From: "Mario Limonciello (AMD)" <superm1@kernel.org>
To: amd-gfx@lists.freedesktop.org
Cc: "Mario Limonciello (AMD)" <superm1@kernel.org>
Subject: [PATCH v5 4/5] drm/amd: Unwind for failed device suspend
Date: Sat, 25 Oct 2025 23:29:39 -0500 [thread overview]
Message-ID: <20251026042942.549389-5-superm1@kernel.org> (raw)
In-Reply-To: <20251026042942.549389-1-superm1@kernel.org>
If device suspend has failed, add a recovery flow that will attempt
to unwind the suspend and get things back up and running.

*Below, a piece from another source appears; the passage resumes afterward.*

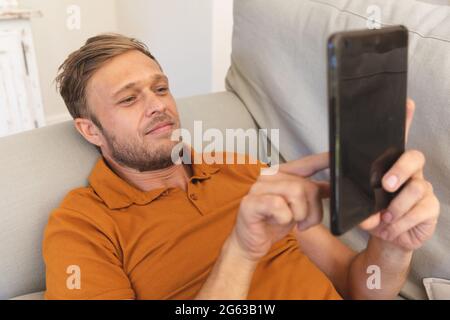 Caucasian man lying on couch, smiling and using tablet at home Stock Photo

Closes: https://gitlab.freedesktop.org/drm/amd/-/issues/4627
Signed-off-by: Mario Limonciello (AMD) <superm1@kernel.org>
---
v5:
* Add missing drm client notification (should fix console resume)

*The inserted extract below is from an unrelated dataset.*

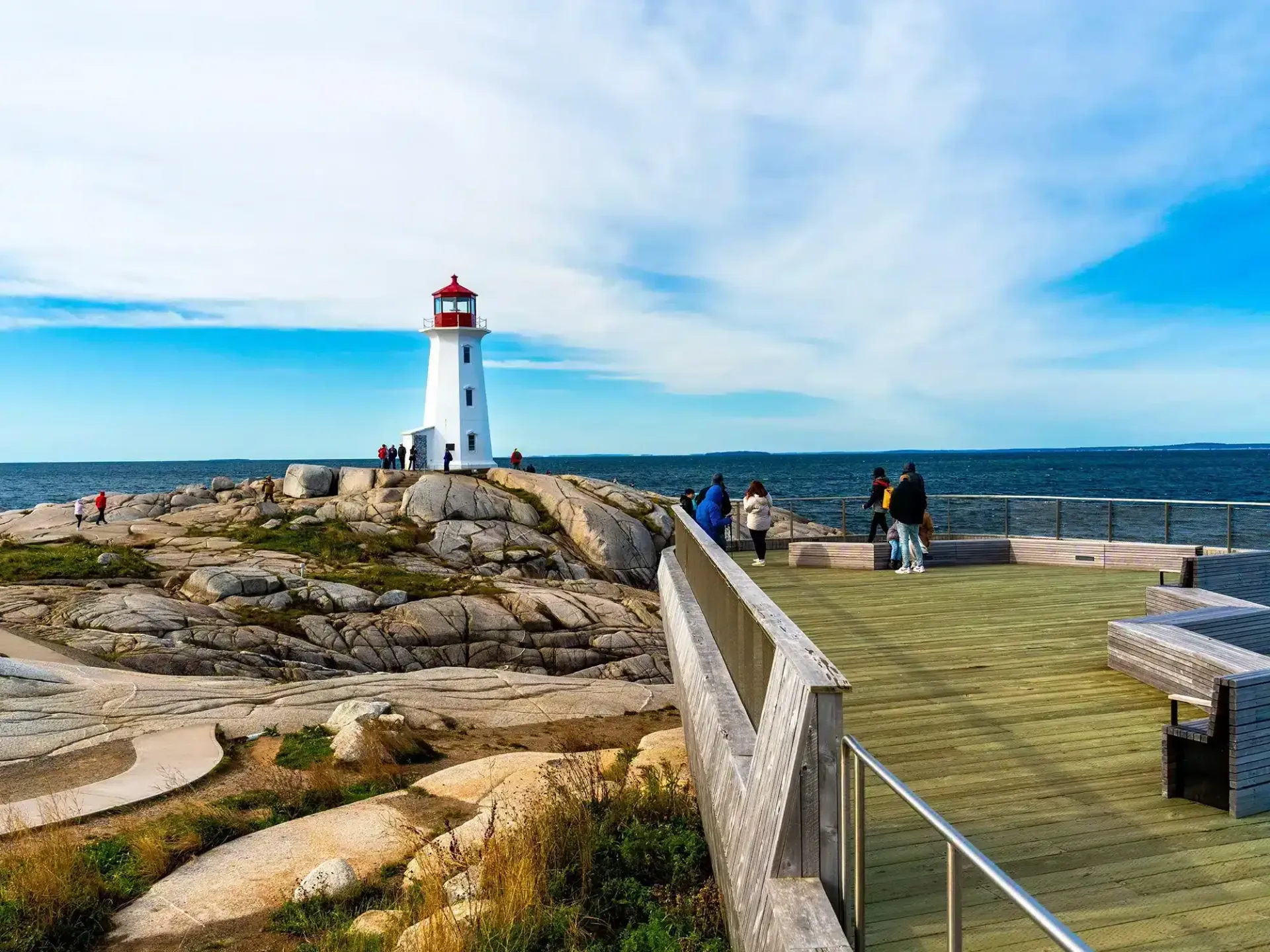 Lighthouse on rocky coast with visitors on a walkway under a bright blue sky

* Add missing RAS notification
---
drivers/gpu/drm/amd/amdgpu/amdgpu_device.c | 65 +++++++++++++++++++---
1 file changed, 58 insertions(+), 7 deletions(-)

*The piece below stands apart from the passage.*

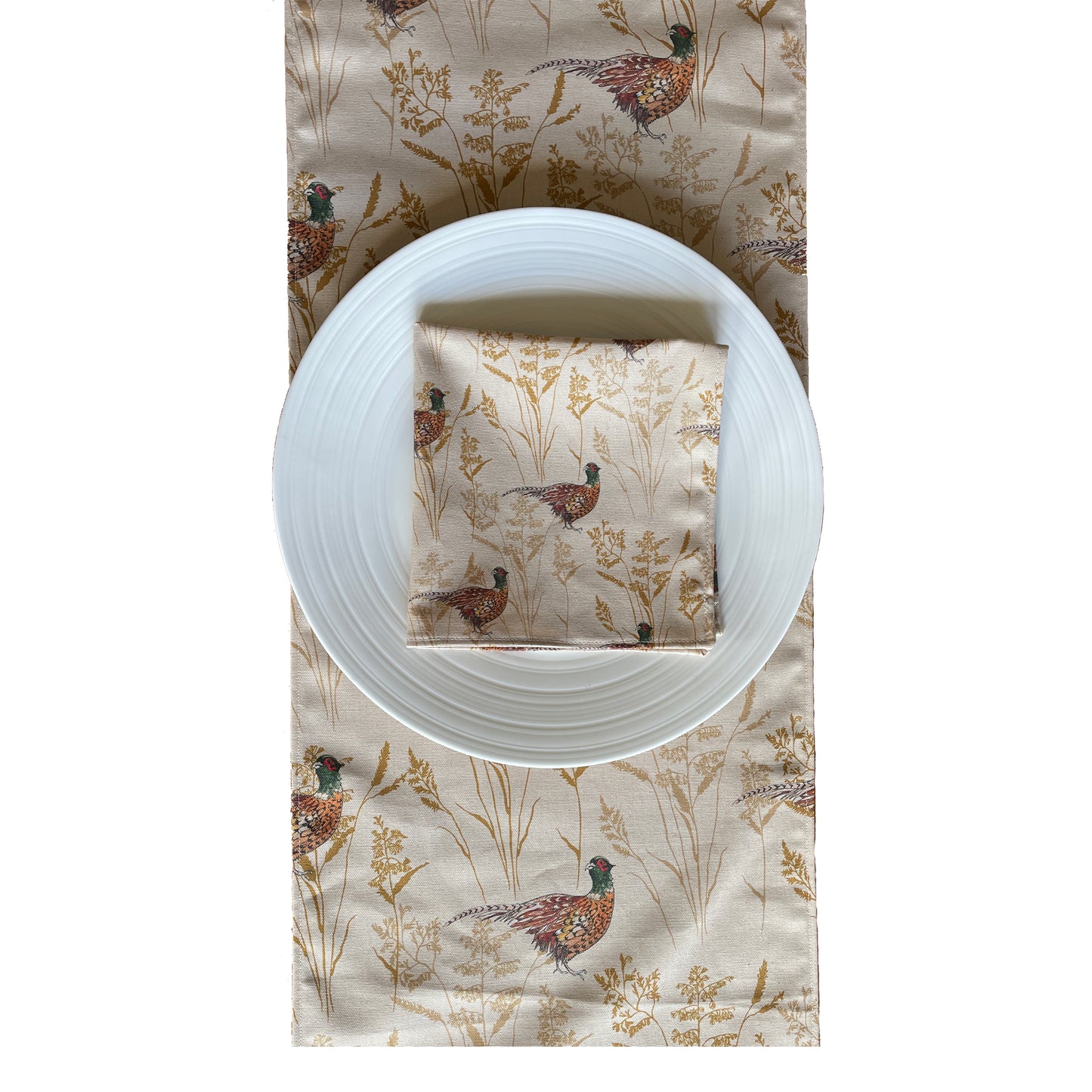 Table runner with plate and napkin setting. In cream fabric with original , Pheasant and Grass design.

diff --git a/drivers/gpu/drm/amd/amdgpu/amdgpu_device.c b/drivers/gpu/drm/amd/amdgpu/amdgpu_device.c
index 5945f441d01e..d8a2dcf6100a 100644
--- a/drivers/gpu/drm/amd/amdgpu/amdgpu_device.c
+++ b/drivers/gpu/drm/amd/amdgpu/amdgpu_device.c
@@ -5274,7 +5274,7 @@ void amdgpu_device_complete(struct drm_device *dev)
int amdgpu_device_suspend(struct drm_device *dev, bool notify_clients)
{
struct amdgpu_device *adev = drm_to_adev(dev);
- int r = 0;
+ int r, rec;
if (dev->switch_power_state == DRM_SWITCH_POWER_OFF)
return 0;
@@ -5290,8 +5290,9 @@ int amdgpu_device_suspend(struct drm_device *dev, bool notify_clients)
return r;
}
- if (amdgpu_acpi_smart_shift_update(adev, AMDGPU_SS_DEV_D3))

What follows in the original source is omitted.